YOUR GOAL:
In the listing below, find every line with the string "possible" and pull it out.

THE DATA:
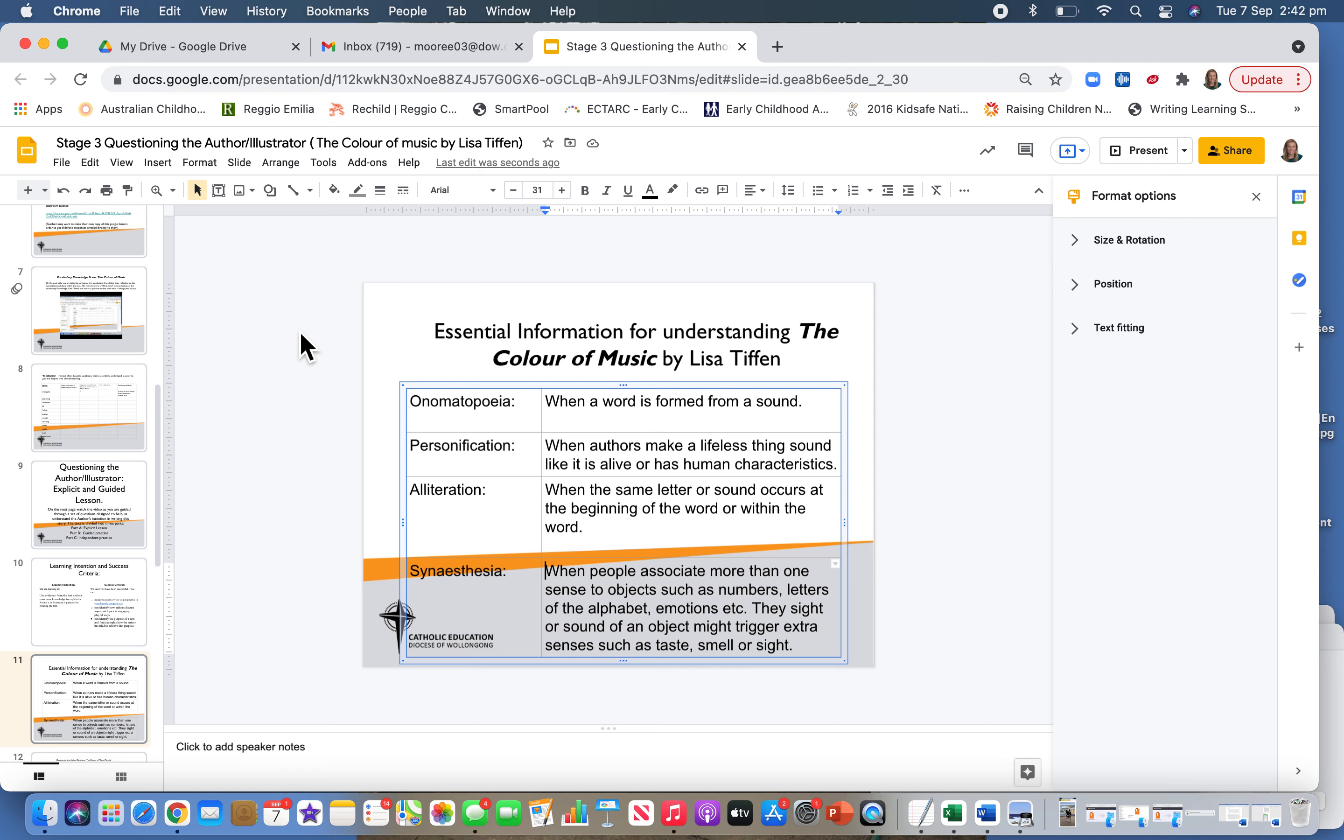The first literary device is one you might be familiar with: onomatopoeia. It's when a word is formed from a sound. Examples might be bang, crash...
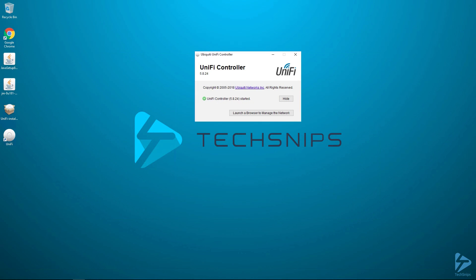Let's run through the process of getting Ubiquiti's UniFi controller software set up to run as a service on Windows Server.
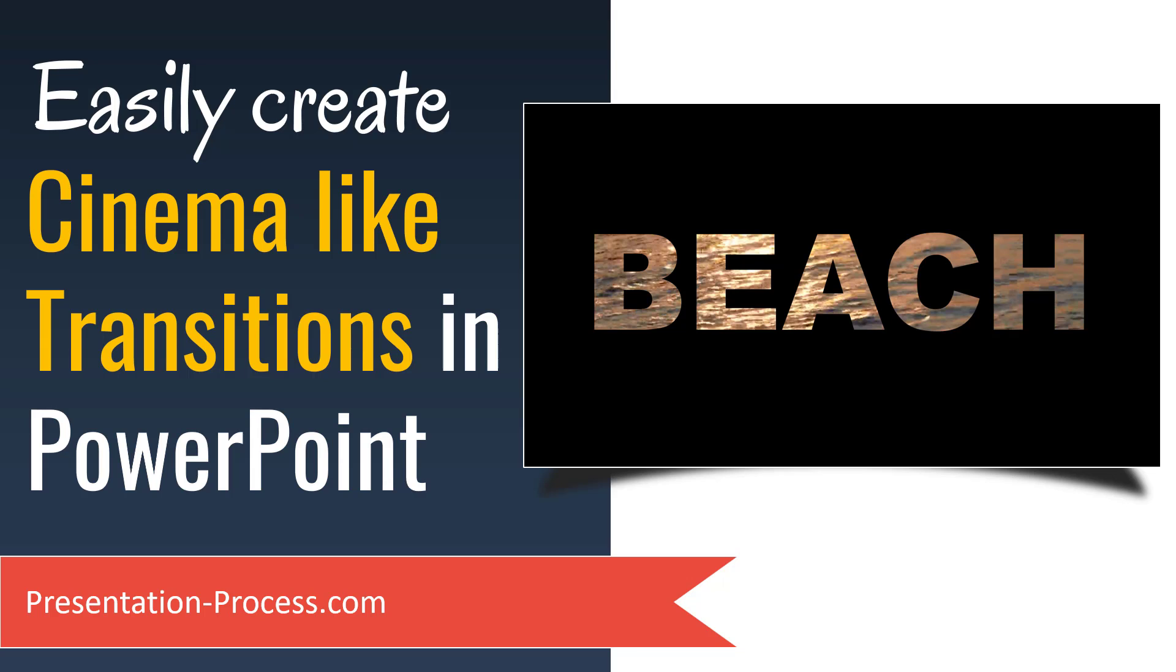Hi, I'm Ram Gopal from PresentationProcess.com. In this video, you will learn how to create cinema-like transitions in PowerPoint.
* * *
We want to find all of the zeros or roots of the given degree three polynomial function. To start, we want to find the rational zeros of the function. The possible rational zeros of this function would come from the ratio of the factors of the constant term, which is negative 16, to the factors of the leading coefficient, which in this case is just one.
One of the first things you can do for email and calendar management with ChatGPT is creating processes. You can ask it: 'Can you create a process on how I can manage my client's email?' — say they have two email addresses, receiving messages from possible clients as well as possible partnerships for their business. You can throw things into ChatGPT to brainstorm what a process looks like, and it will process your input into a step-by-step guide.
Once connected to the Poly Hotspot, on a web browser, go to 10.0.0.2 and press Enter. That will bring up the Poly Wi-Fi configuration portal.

WRITTEN ANSWER:
We want to find all of the zeros or roots of the given degree three polynomial function. To start, we want to find the rational zeros of the function. The possible rational zeros of this function would come from the ratio of the factors of the constant term, which is negative 16, to the factors of the leading coefficient, which in this case is just one.
One of the first things you can do for email and calendar management with ChatGPT is creating processes. You can ask it: 'Can you create a process on how I can manage my client's email?' — say they have two email addresses, receiving messages from possible clients as well as possible partnerships for their business. You can throw things into ChatGPT to brainstorm what a process looks like, and it will process your input into a step-by-step guide.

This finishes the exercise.